We’ll break it down in this post: the what, why, and how of TFRecords for computer vision.

Looking How To Convert COCO JSON or VOC XML to a TFRecord?

Roboflow does it for you in three clicks. Jump to the bottom of this post to see.

What is a TFRecord?

The TensorFlow documentation describes TFRecords succinctly:

The TFRecord format is a simple format for storing a sequence of binary records.

But why create a new file format? Especially one as seemingly complex as a TFRecord. TFRecords are opaque: as serialized files, one cannot easily open them in a text editor to inspect their contents. What’s the method for the madness?

Because they are serialized files, .tfrecord files aren’t recognized by common applications.

In introducing TFRecords, Google is playing a game of tradeoffs. While TFRecords are “incompatible” with other file readers, they come with few core benefits:

  1. As binary file formats, a TFRecord file takes up less disk space, which means every read/write operation that needs to be performed is faster.
  2. TFRecord files are optimized to handle component parts of a larger dataset. So, for example, if a given dataset exceeds the size of a given machine’s memory, streaming a subset of the dataset is easily done.

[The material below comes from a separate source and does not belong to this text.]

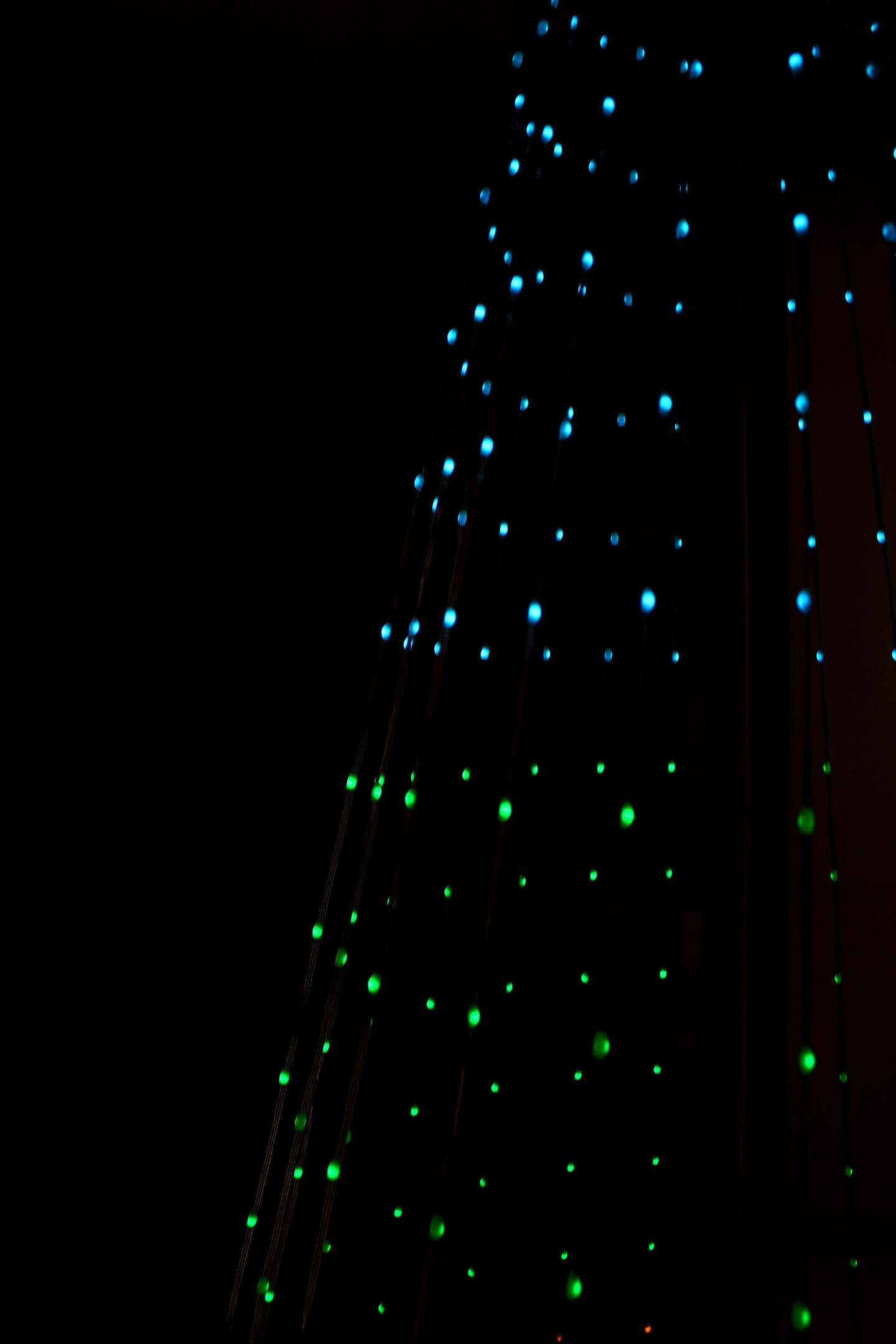 Perfect Holiday Decorative Outdoor Tree Light with RGB LEDs – Multiple Sizes & Features Available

This is exactly what happens when training on a single batch of data: the machine is using a subset of the overall data.
  3. TFRecord files are also optimized for stored sequenced data. This is particularly important for word or time sequences, similar to how data can be easily broken into component pieces and streamed.

All said, the tradeoffs of serialization do provide significant advantages in the form of faster training. Working with a TFRecord file does require a small learning curve.

How Do We Create a TFRecord File?

Intrinsic in creating a TFRecord file is knowing what is contained within a TFRecord file. If it’s a serialized representation of a dataset, how do we create that serialized interpretation?

While TFRecord files exist for any type of data -- tabular, text, time series -- this particular posts focuses on using TFRecords in the context of computer vision, and especially classification and object detection problems.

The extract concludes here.